Meghan McCain and Chelsea Clinton: The Daughters’ Impact

Chelsea is the first to advance to the stage at Constitution Hall in Washington and it takes several minutes to quiet the audience’s burst of applause. “I believe I am the most enthusiastic supporter of my mother, but one could say here that I have many rivals,” she says offering the ovation that has been given to her to her mother.

In jeans and high heels, her appearance is trendy, but smart. Chelsea Clinton, at 28, is perfect for defusing the tension that has built among the public after arriving an hour late. She says she is “surprised at the number of people whose lives have been touched by the actions of her mother,” before reciting the more principal points of her speech. “I am convinced she [Hillary Clinton] is the most progressive and the best prepared to be the president that we need [right now]. I don’t believe it, I know it.” Her face illuminated by her pride, Hillary responds in the microphone to say “You’ve come to hear the best speech.”

It was necessary that the democratic candidate pass the [possible] elimination in Iowa so that her only child could come out from the shadows. Until then, the former first daughter had arrived at the white house at age 12 and was jealously protected form the pressure of the media.

Having received diplomas from Stanford and Oxford and employed by placement in New York, Chelsea has always cultivated an air of discretion [around herself]. She continues to not grant interviews. To a nine year old “apprentice” reporter who asked for an interview for her school paper, Chelsea replied, “Sorry, I don’t talk to the press, even if I find you cute.”

At the podium, she contents herself to offer a jazzed-up image of her mother, one that seeks to counterbalance the impart Barack Obama has had among the younger voters.
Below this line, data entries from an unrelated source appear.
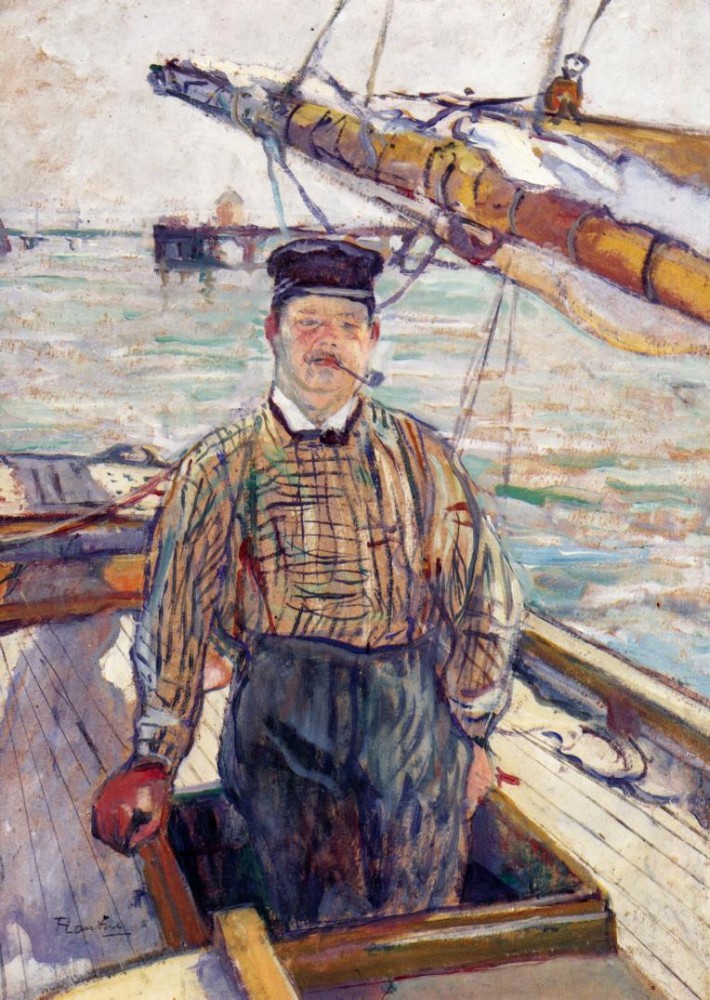 Emile Davoust by Henri de Toulouse-Lautrec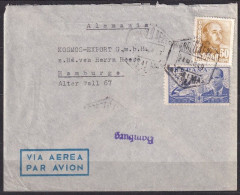 SPAIN. 1949/Las Palmas De Gran Canaria, Advertise Envelope/mixed Franking. - Lettres & Documents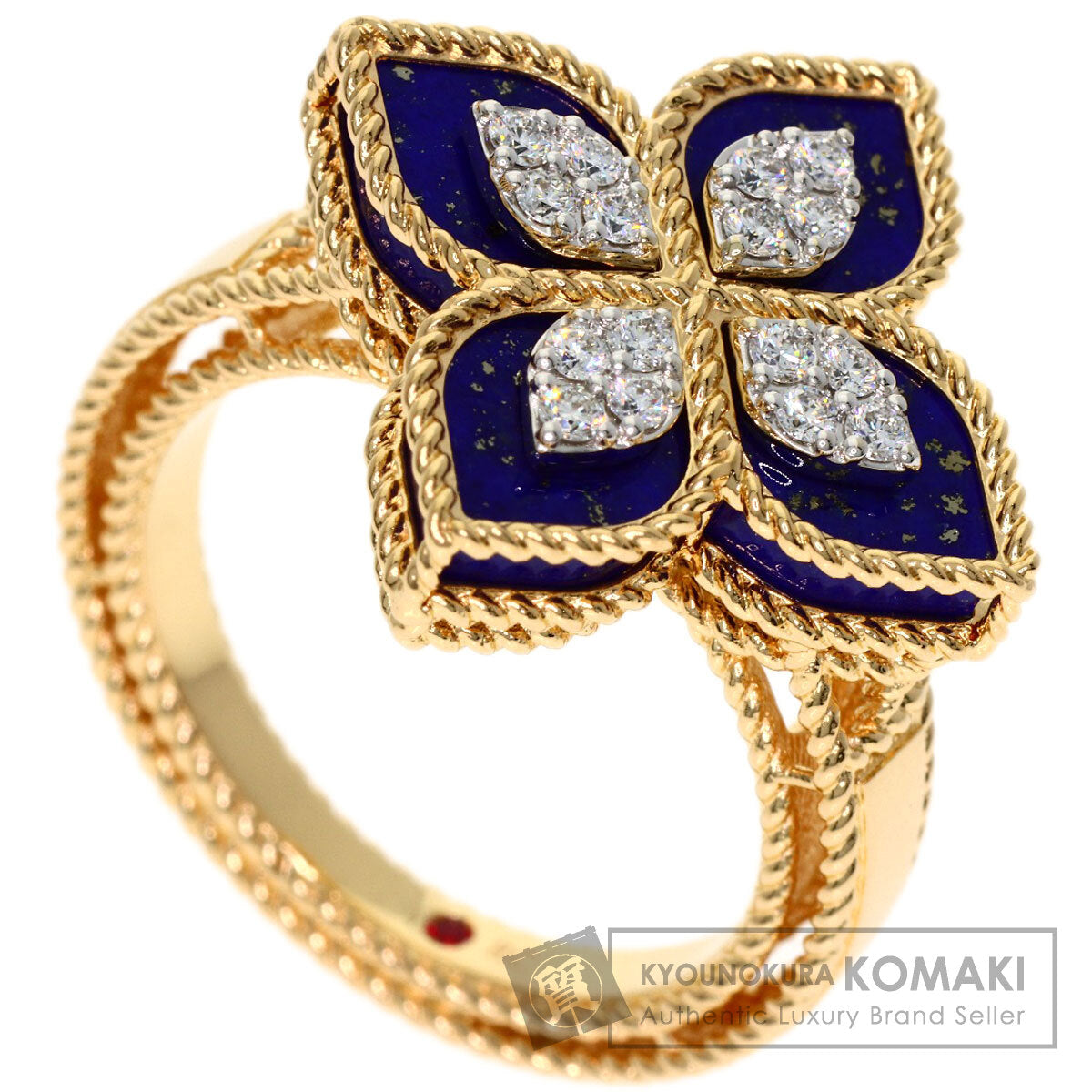 セレクトジュエリー ロベルトコイン プリンセスフラワー ダイヤモンド リング・指輪 中古 商品画像1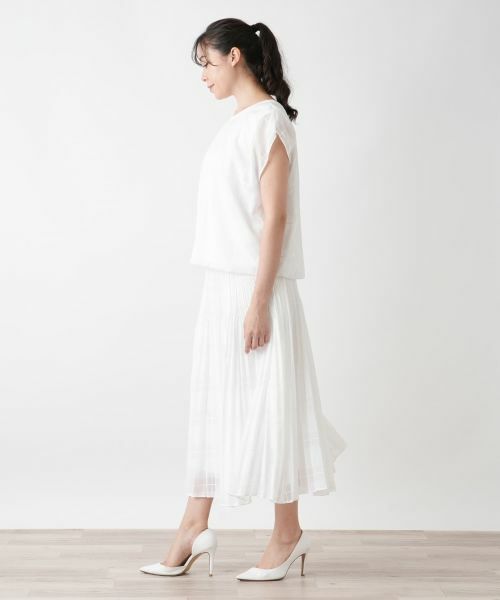 Leilian PLUS HOUSE / レリアンプラスハウス ロング・マキシ丈スカート | チェックフレアスカート【BOURGE】 | 詳細2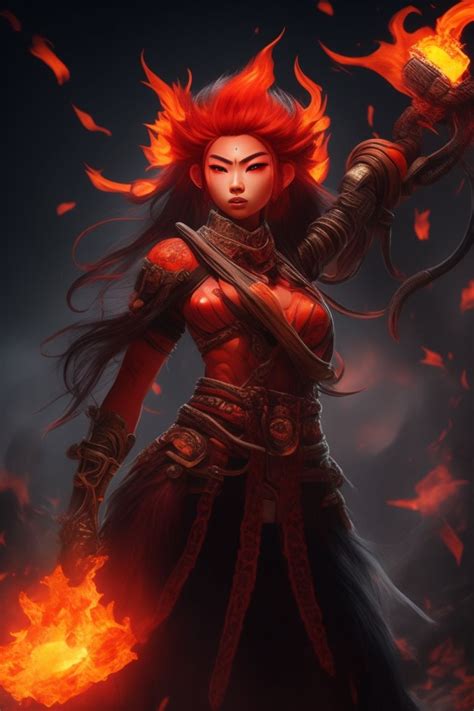 Smart Donkey Lava Skinned Fire Genasi That Looks Like Jessie Mei Li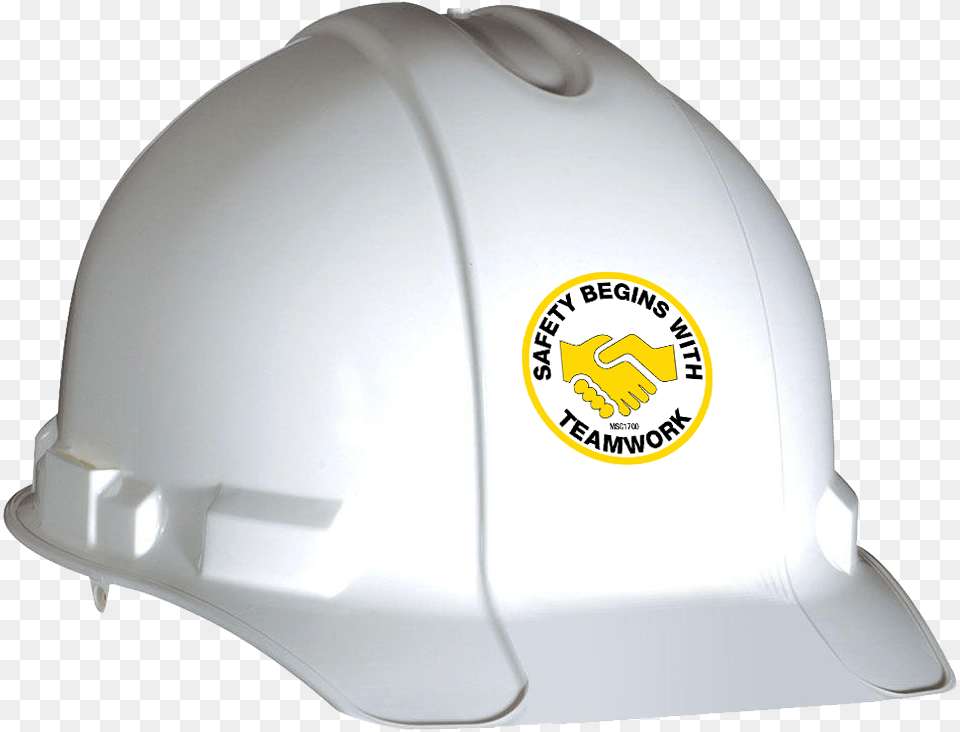 Safety Begins With Teamwork Hard Hat Emblem Hard Hat, Clothing, Hardhat, Helmet Free Png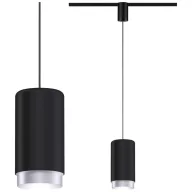   Paulmann URail Pend Corus Nagyfeszültségű sínrendszer lámpa URail E27 Fekete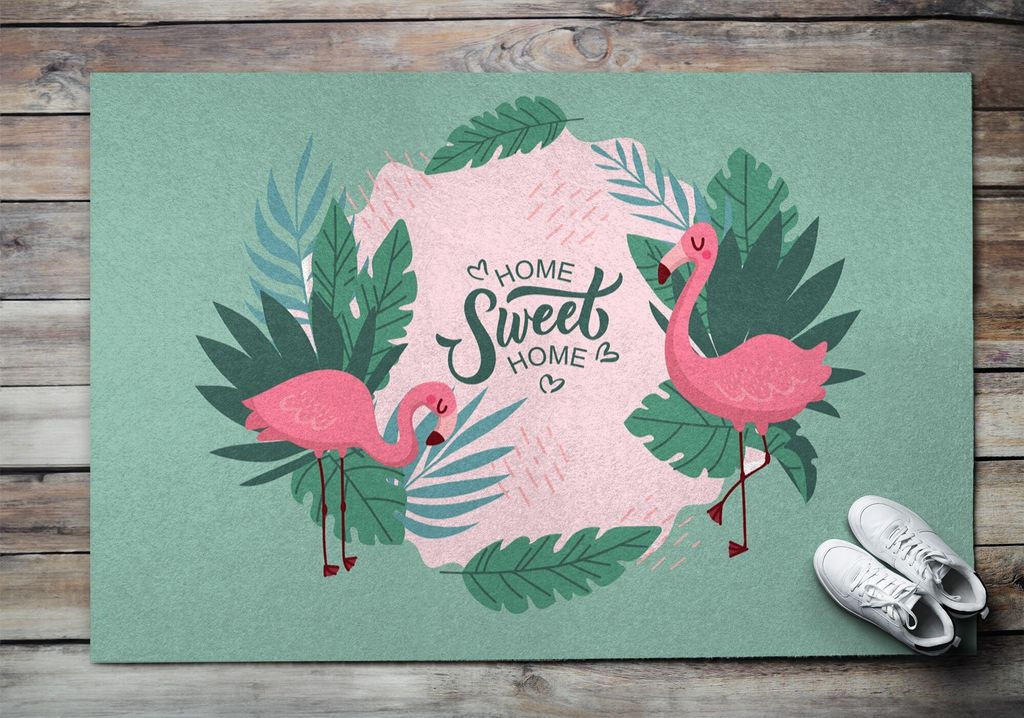 Fußmatte Aussen - Schuhmatte Haustür- Schmutzfangmatte Türvorleger - Outdoor Teppich Schmutzfänger - 150x100 cm - Flammer Vogel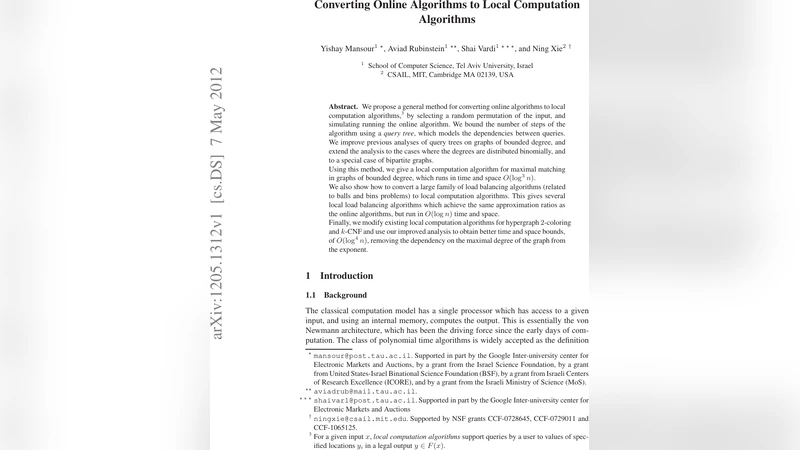 Converting online algorithms to local computation algorithms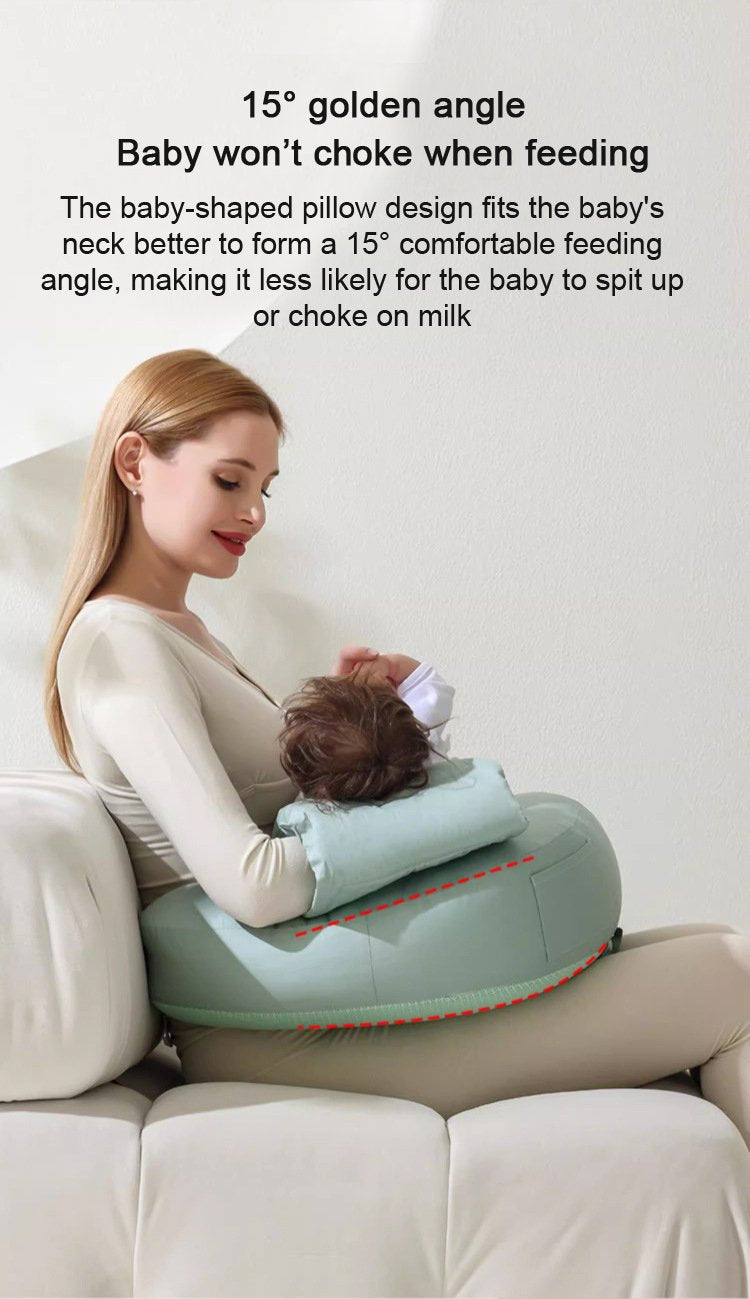 Mom Nursing Angled breastFeeding Support Pillow Baby Lounger Anti Reflux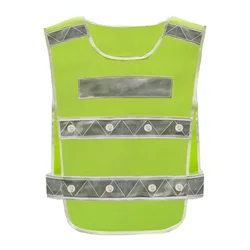 Custom your logo embroidery silk screen printing safety reflective vest tank top
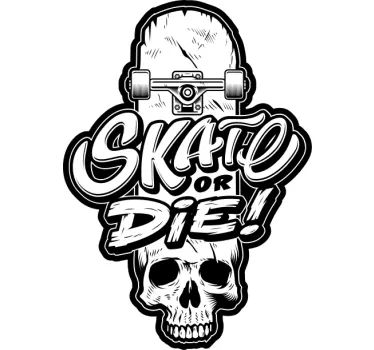Skate grave graffiti urban klistermærker - TenStickers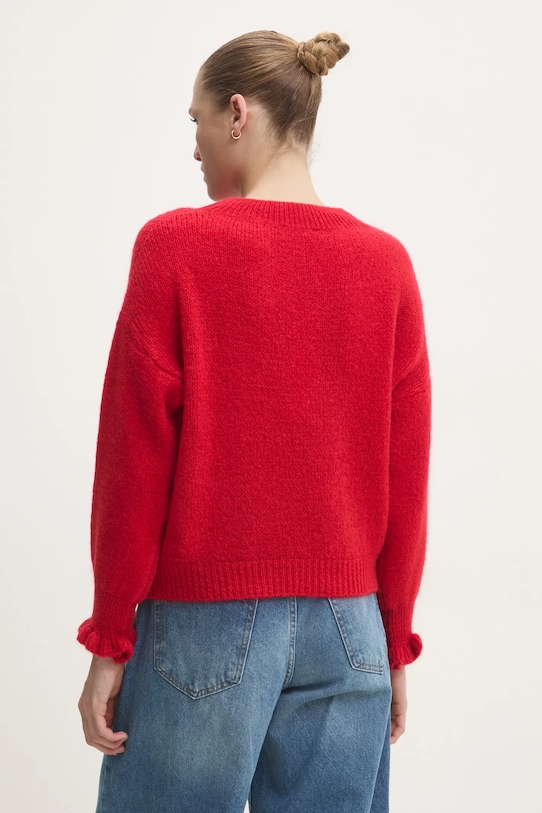 Odzież Answear.LAB sweter z domieszką wełny LU61002.FLK czerwony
David Shuster, a journalist at NBC, was shoved aside for having said the she was “placed in the game” by the campaign. Chelsea has some political fiber, but she is “more C-Span than MTV” noted Newsweek: she respects the script of the candidate and avoids any personal secrets. When a student recently asked her if the Monica Lewinsky affair had tarnished Hillary’s reputation, she replied dryly, “That is none of your business.”

Mccainblogette.com

Quite the opposite, there is Meghan McCain, 23 and freshly graduated with an Art History degree, who follows the electoral caravan of her father. That which interests her is the noise, the people, and the sartorial details. She does not show herself on the podiums, but she recounts the campaign in her blog, mcainblogette.com. There she posts videos and her favorite music. There she divulges “10 things about my mother you didn’t know,” and narrates her visit to the White House with Laura Bush and her visit with Chelsea Clinton who had “super cute shoes.”

With “her charm and her self-mockery” and boasted by the magazine GQ, this child of the West, natural and spontaneous, grown in Arizona, contributes to the jazzed-up image of the old senator. “She has become the queen of the siesta while father can never take one.”

Megan has a star tatooed on her foot, finds Obama “sexy” and does not hide that she voted for John Kerry in 2004. She considers herself, “independent, socially liberal, economically conservative,” and in “total agreement” with her father over the war in Iraq. “I am incapable of lying, she says. For him [Senator McCain] it’s the same.”

John McCain does not control the internet site of his daughter. But when one asks how, at 71, he can entice the younger voters, he responds, “In their reading of Meghan’s blog, it is excellent.” If the father is elected, the young rebel would continue to write at the White House and in the same tone. If mother wins, Chelsea will no longer be the hidden first daughter she once was.